• EXERCISE AIM
Pictures in the entries below are excluded; copy only the lines from the one containing "NUOSDEX Nieren Schwarz" to the one containing "Romantic Paris Keyboard تصوير الشاشة 3", both included.

• INFORMATION PROVIDED

====

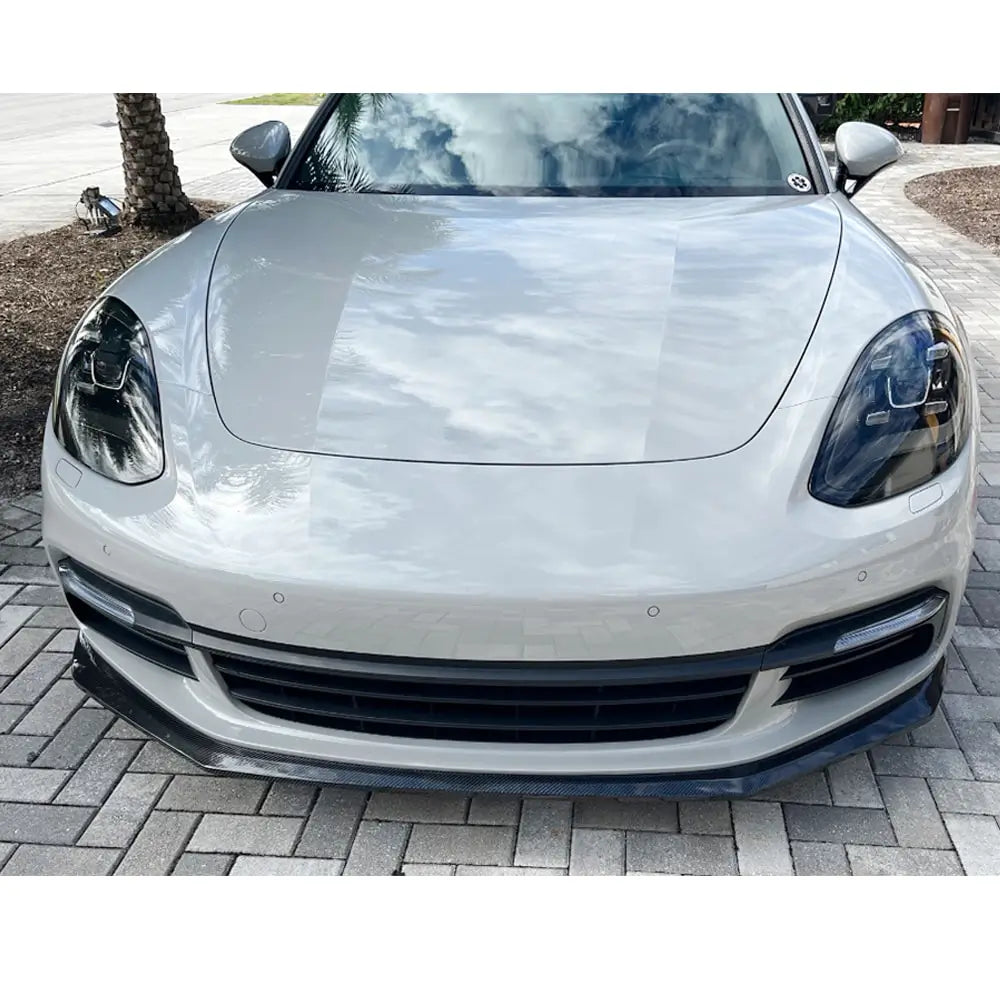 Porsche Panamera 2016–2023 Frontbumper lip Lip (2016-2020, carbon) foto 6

====

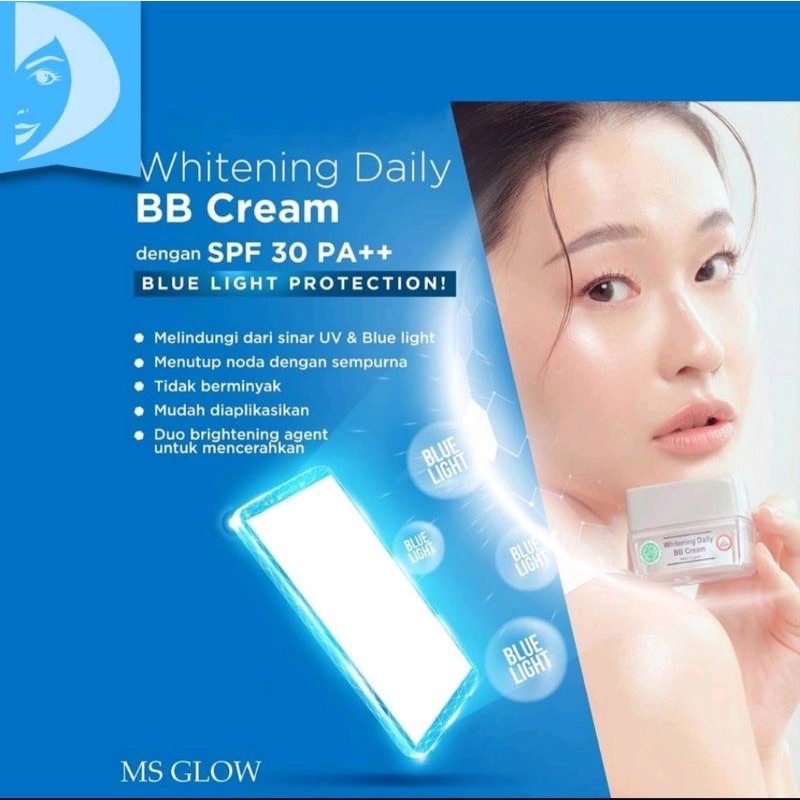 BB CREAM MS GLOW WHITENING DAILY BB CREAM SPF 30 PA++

====

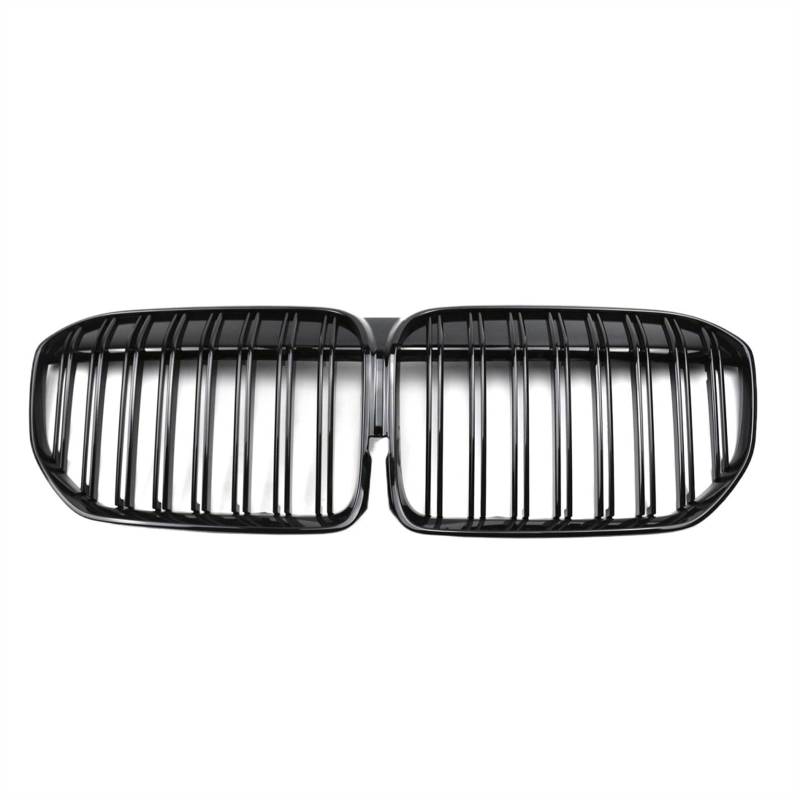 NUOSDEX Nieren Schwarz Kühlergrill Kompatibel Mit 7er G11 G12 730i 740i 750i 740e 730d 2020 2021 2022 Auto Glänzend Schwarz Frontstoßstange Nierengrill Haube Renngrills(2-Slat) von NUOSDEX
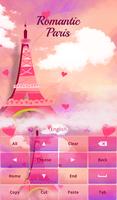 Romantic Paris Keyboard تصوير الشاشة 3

====

• EXERCISE RESPONSE
 NUOSDEX Nieren Schwarz Kühlergrill Kompatibel Mit 7er G11 G12 730i 740i 750i 740e 730d 2020 2021 2022 Auto Glänzend Schwarz Frontstoßstange Nierengrill Haube Renngrills(2-Slat) von NUOSDEX
 Romantic Paris Keyboard تصوير الشاشة 3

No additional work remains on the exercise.